# Provided material:
--
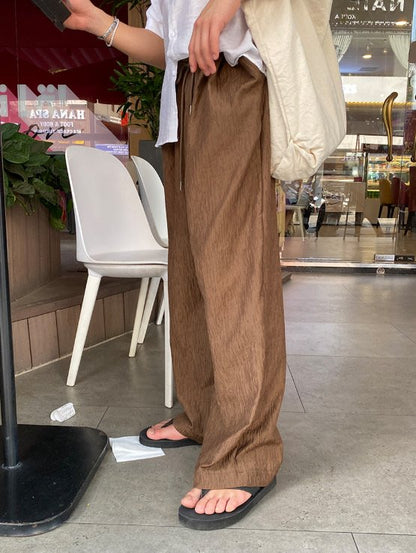 Crinkle Texture Wide Pants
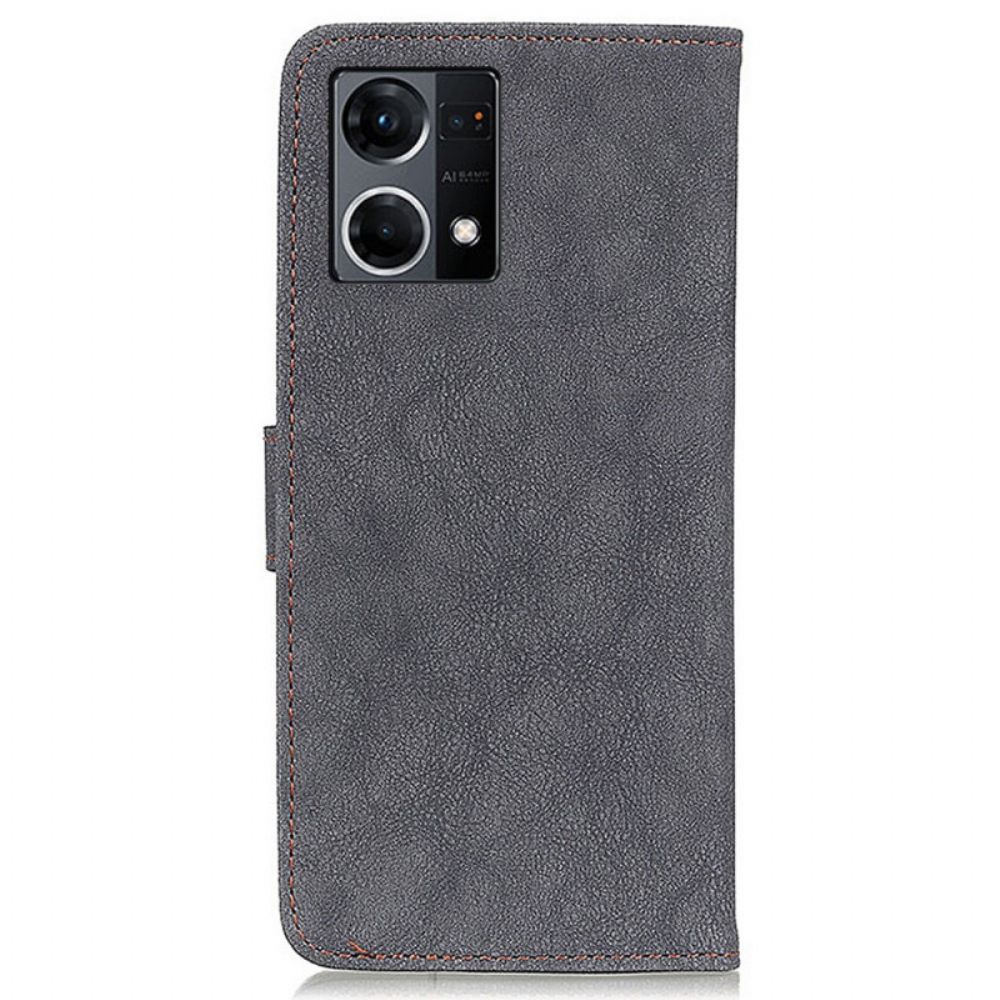 Flip Case voor Oppo Reno 7 Retro Split Kunstleer Khazneh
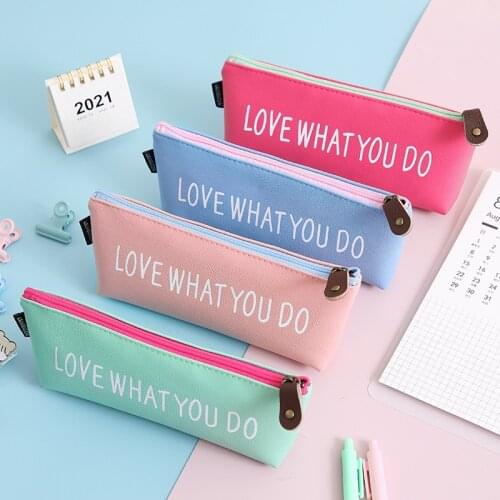 PU leather pencil case cute Large capacity stationery bag School Pencil cases gifts for kids student pen case girls Cosmetic bag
--
# About this task:
For this exercise, retype the data above exactly and skip every image.

# Exercise solution:
 Crinkle Texture Wide Pants
 Flip Case voor Oppo Reno 7 Retro Split Kunstleer Khazneh
 PU leather pencil case cute Large capacity stationery bag School Pencil cases gifts for kids student pen case girls Cosmetic bag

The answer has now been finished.